Monday, July 29, 2013
Tiptoe Through the Tulips
Through the years, the classic Paule Marrot fabric, Les Tulipes, has made appearances in quite a few well-appointed residences. Take, for example, the home seen above. Located in Bermuda, the house was decorated in the mid-1940s by Ruby Ross Wood, who chose the orange colorway of Les Tulipes for the living room's sofas and slipper chairs.
Wood's protege, Billy Baldwin, was also a fan of Les Tulipes, having used it on at least two occasions.
And then there was Stephen Mallory of Mallory-Tillis, who, like Wood and Baldwin before him, favored Les Tulipes, although this time the fabric was used to vibrant effect in a bedroom. (That vivid orange-red background must have been like a jolt of caffeine when viewed upon waking.)

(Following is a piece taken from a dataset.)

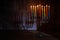 Hanukkiah with burning candles. Concept of the Jewish holiday Hanukkah.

In the 1970s, Toronto designer Robert Dirstein selected the fabric for his cozy, jewel-box library. Les Tulipes looks less floral-y when surrounded by dark painted walls, chrome, and smoked glass, don't you think?

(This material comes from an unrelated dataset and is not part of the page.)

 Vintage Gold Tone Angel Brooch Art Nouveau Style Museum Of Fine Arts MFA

Paule Marrot's tulips also figured prominently in the living room of this Otto Zenke-designed home in County Clare, Ireland, although here they were joined by irises and daffodils. This Marrot print is known as Guermantes, which is still available today through Brunschwig & Fils.

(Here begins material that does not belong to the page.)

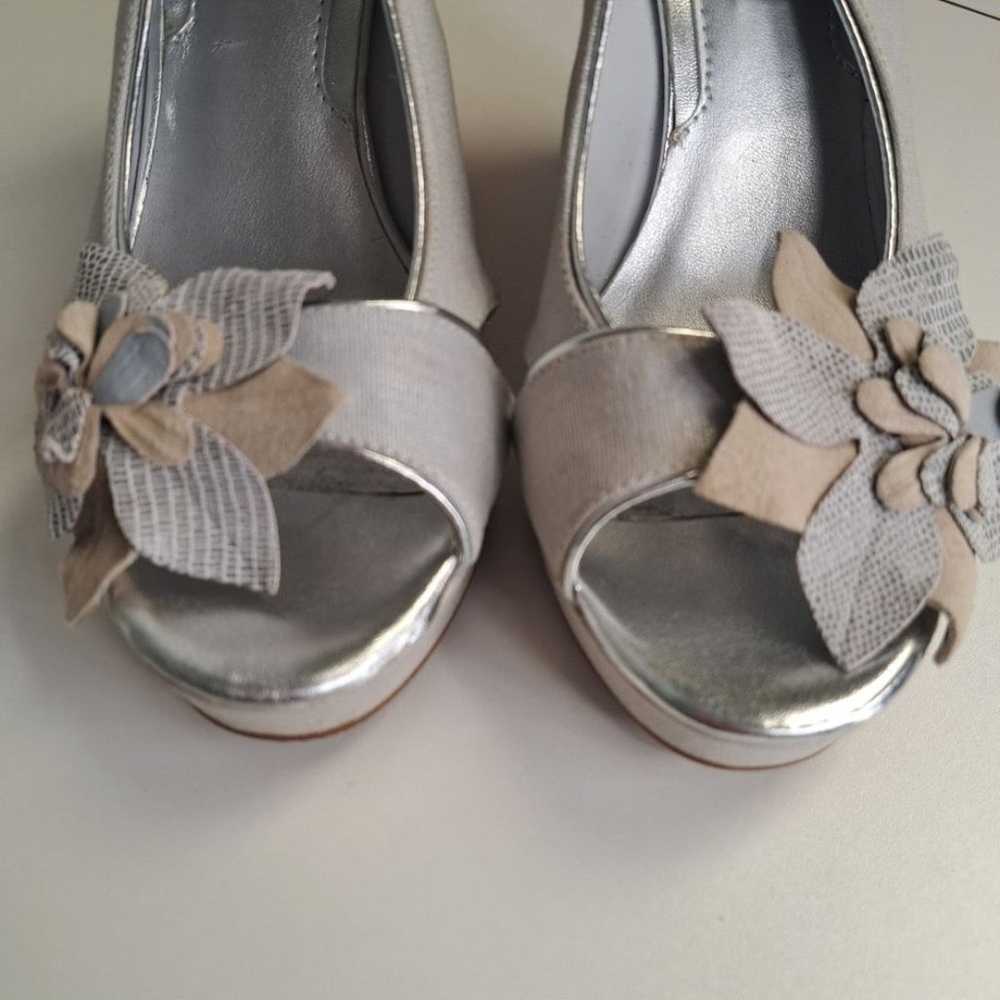 WHBM Formal Silver Wedge Heels Peep Toe Samira - image 3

In fact, Guermantes' most recent appearance was in a home decorated by Miles Redd and David Kaihoi, which appears in the current issue of Architectural Digest. This house was located in the Bahamas rather than Bermuda, but the effect was much like it was in the Ruby Ross Wood-decorated house. Cheery, upbeat, and fresh as a, well, daisy. (Bjorn Wallander, photographer.)